The fact that synagogue tradition has evolved over time to include many parts that are customary, but not halachically required, accounts for a third category where women can lead for both men and women. Theoretically, such parts may be left out if time is tight, and given there is no halachic obligation being fulfilled here - never mind a gender-specific one - the Bar-Ashers see no reason why they cannot be led by women.
This principle is cited to justify female leadership of the Kol Nidre in Ashkenazi communities, and of the Kabbalat Shabbat service which, since the 16th century, has come to precede the evening service on Friday.
Most interestingly, the Bar-Ashers cite this principle to permit women to lead many of the liturgical poems included in the High Holy-Day prayers. "A good practice here is for services to have two chazanim, one male and one female, on the respective sides of the mechitzah," says Mrs Bar-Asher. "The man can lead the ‘halachic core' of the service and the woman can lead the rest."
Mainstream Orthodoxy has kept additions like these within the men-only domain. The arguments are variously that widely-observed traditions acquire status of halachah; that it is immodest for women to lead prayers; and that it is prohibited to revise established norms in synagogue.
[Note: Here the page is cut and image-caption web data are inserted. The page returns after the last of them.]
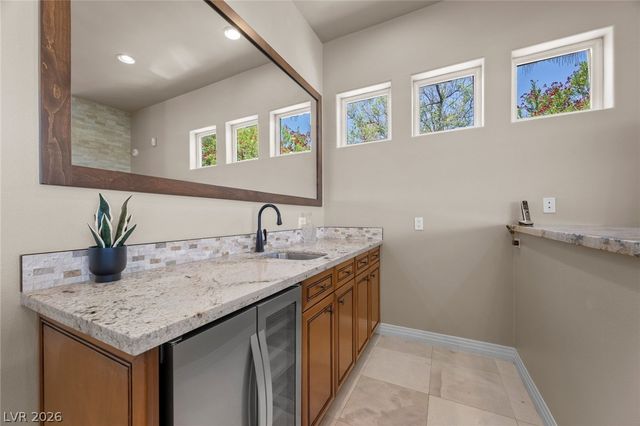 9708 Winter Palace Drive, Las Vegas, NV 89145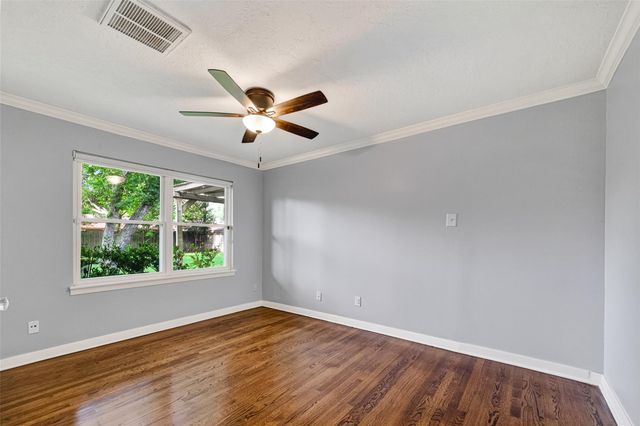2231 Saxon Drive, Houston, TX 77018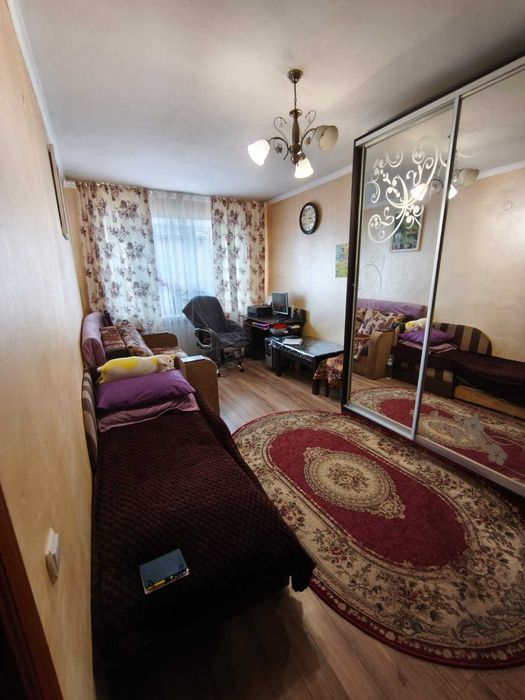 Продаж 2-к. квартири з ремонтом 35.5/29.5/6м² м.Винники 46999$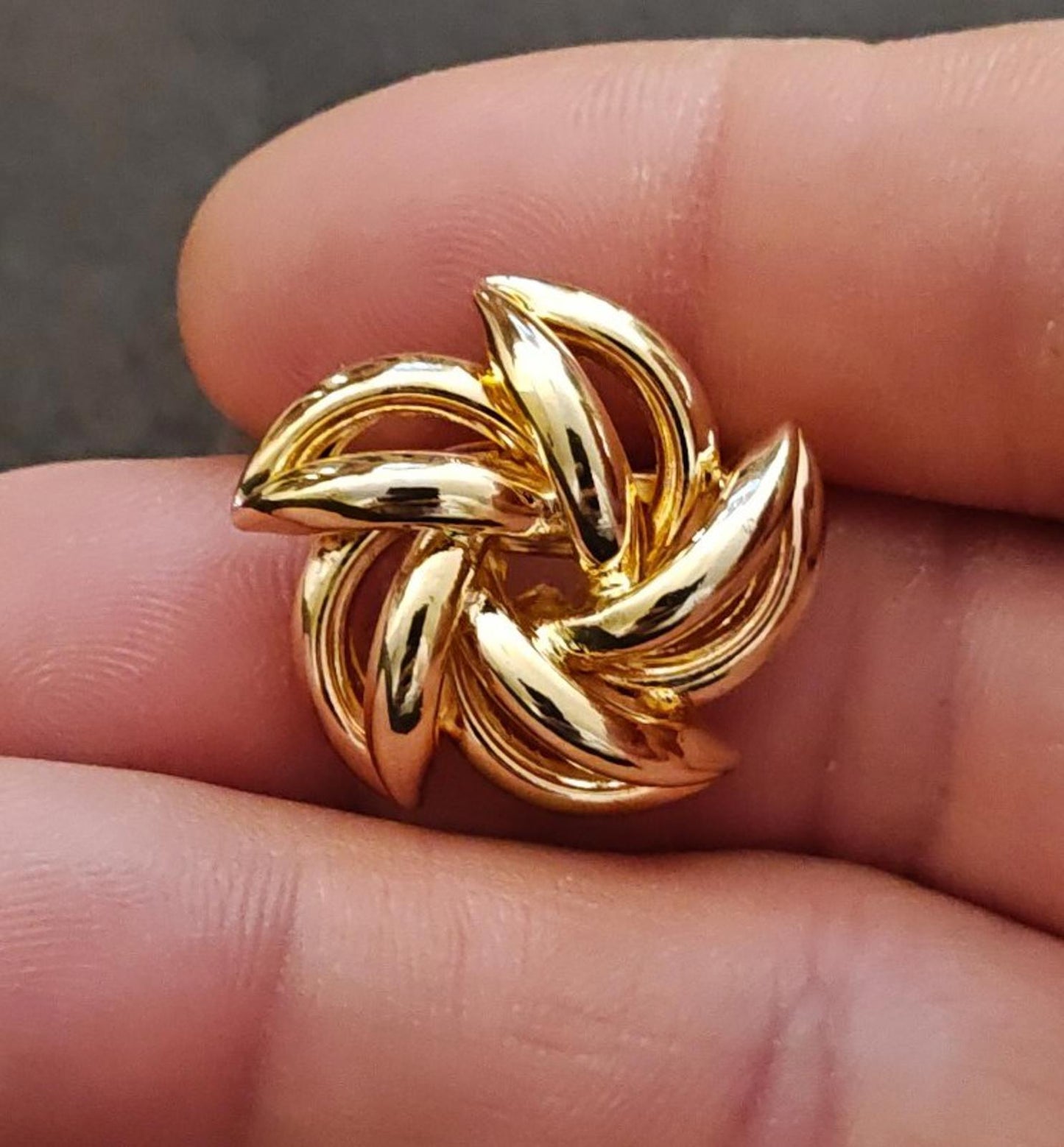 1980s Gold Tone Flower Brooch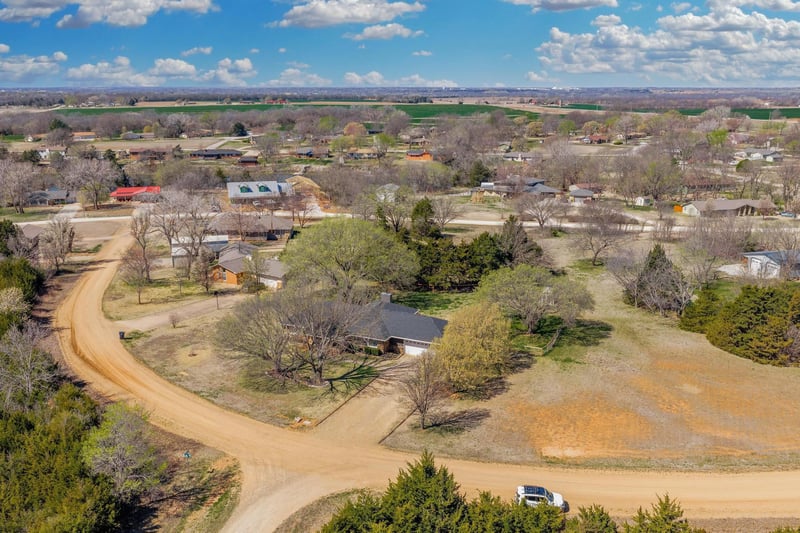 3 Oakwood Dr, Arkansas City, KS 67005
However, partnership minyanim have rejected these viewpoints. The notion that it is immodest for women to lead prayers is based on certain strict halachic opinions, and is countered by lenient opinions, claims Mrs Bar Asher.
As for the accusation that they disregard tradition, her husband charges: "People are strangely selective about where to stick with tradition. Everybody rushes to raise this point regarding women's involvement, but much of the modern Orthodox world has chosen to completely change our pronunciation in prayer from that of our parents and grandparents to modern Hebrew accents for the sake of Zionist ideology. Why should this be legitimate but not trying to involve more than 50 per cent of the Jewish community?"
Since the guide was published earlier this year, the couple have received a constant flow of correspondence. "I just got an email from a woman who wants to make kiddush in her house, whose husband says that she's deluded if she thinks a woman can do that," says Mrs Bar-Asher. "She wants the sources to present. If that's a process we're helping, then producing the guide has been a useful exercise."